=== Excerpted data ===
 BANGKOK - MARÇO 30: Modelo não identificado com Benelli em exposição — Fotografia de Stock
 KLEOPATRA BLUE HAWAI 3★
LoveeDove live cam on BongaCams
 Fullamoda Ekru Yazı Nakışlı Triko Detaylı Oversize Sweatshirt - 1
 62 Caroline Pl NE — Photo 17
--
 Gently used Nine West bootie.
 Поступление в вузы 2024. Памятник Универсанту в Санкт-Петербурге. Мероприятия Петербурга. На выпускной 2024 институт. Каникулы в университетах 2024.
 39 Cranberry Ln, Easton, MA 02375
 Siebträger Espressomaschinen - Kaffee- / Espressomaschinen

=== Task ===
Above are the lines; repeat exactly the ones from the line containing "Gently used Nine West bootie." down to the line containing "Siebträger Espressomaschinen - Kaffee- /", both inclusive.

=== Output for this exercise ===
 Gently used Nine West bootie.
 Поступление в вузы 2024. Памятник Универсанту в Санкт-Петербурге. Мероприятия Петербурга. На выпускной 2024 институт. Каникулы в университетах 2024.
 39 Cranberry Ln, Easton, MA 02375
 Siebträger Espressomaschinen - Kaffee- / Espressomaschinen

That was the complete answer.